PARENTS overreacting to complaints by the child and rushing to school to confront his or her teacher, sometimes physically, is no laughing matter.
To offer them a better approach, the National Union of the Teaching Profession (NUTP) plans to draw up guidelines for a Code of Ethics.
Newly-elected NUTP president, Kamarozaman Abd Razak, who assumed his new role at an exco meeting last Saturday said: “With the code of ethics, parents will have to follow a standard operating procedure, such as setting up a meeting with the principal, instead of going directly to a teacher to voice their complaints.”
Kamarozaman clarified that this move is not designed to persecute parents, but to protect teachers.
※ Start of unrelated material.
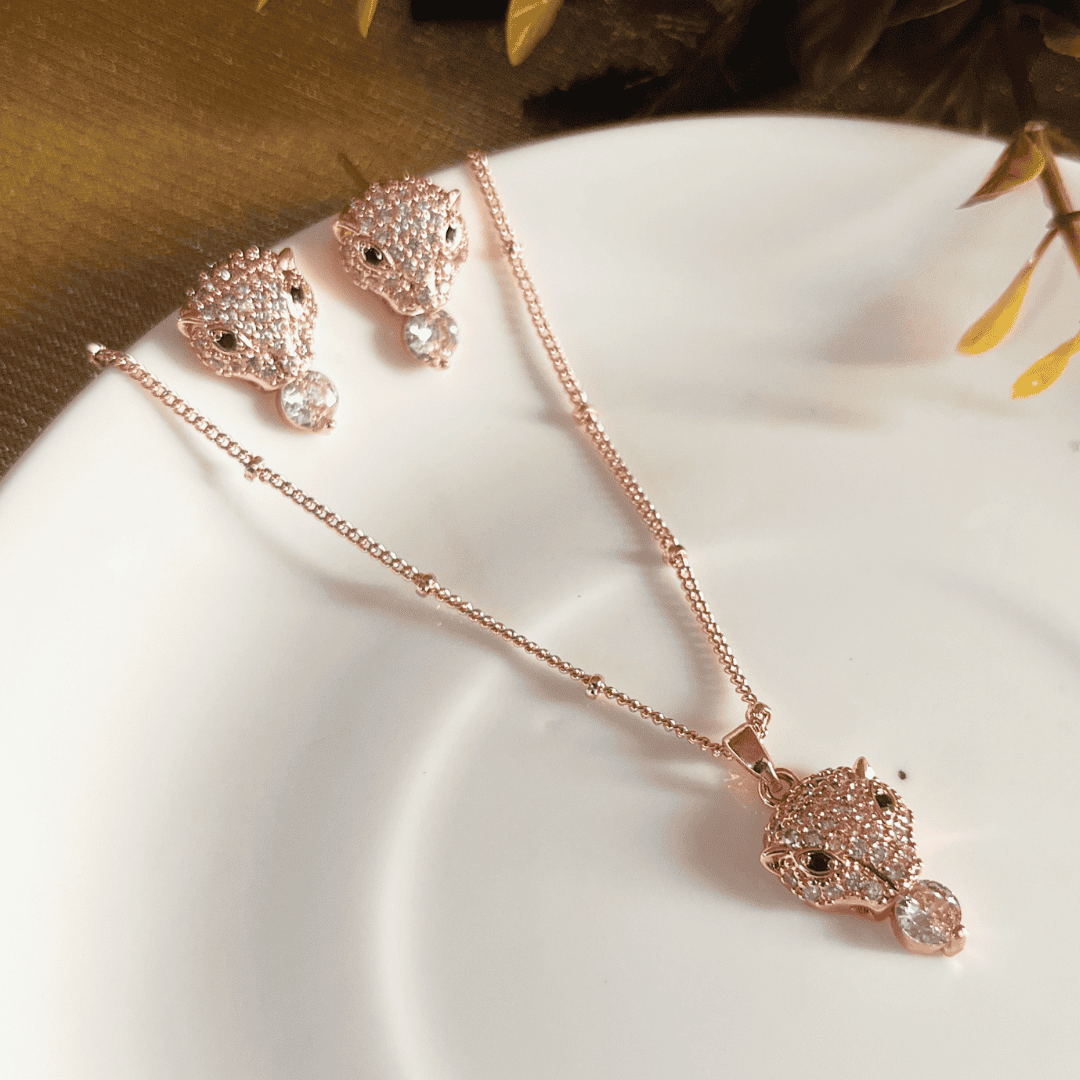 Kiasha Anti-Tarnish Celebrity Inspired Leopard Necklace & Stud Earring - Kiasha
It will also ensure that parents take a more disciplined approach to solve an issue they are unhappy about. That, in turn, will set a good example for their children and other students.
“There are various codes of ethics for teachers, but none for parents. But these codes exist in other countries, so we can use them as a guideline to deter parents from taking things into their own hands,” he said.
The idea for a set of guidelines for parents was proposed by NUTP to the government three weeks ago at a meeting between both parties.
“I understand why they want to do this, as parents these days can be quite a handful,” said a mother of three, Ellen Kiong. “But I also want to know what the guidelines entail.”
Kiong said she had seen parents getting upset with teachers when their kids fall and scrape a knee during playtime in school.
Another mother of three, Sagayah Mary Puttagunta, said: “I don’t think we need a Code of Ethics. We’ll only be wasting paper!”
She elaborated that parents these days are more hands on and involved in their child’s school because there is a need to.
“We don’t get circulars from the government telling us about a new ruling, so we have to find out on our own,” she said.
Abdul Wahab Kadir, who has one school-going child, also does not support the idea for a Code of Ethics for parents.
“What are they going to put in it? Better still, how are they going to implement it?” he asked.
During the exco meeting, Chan Tai Chung took over the role of NUTP deputy president from Tey Meng Seng, who retired in February. Kamarozaman replaced Hashim Adnan, who retired on Sept 9.
Among the other initiatives NUTP would like to implement are to reduce the workload of teachers and introduce teacher assistants in schools.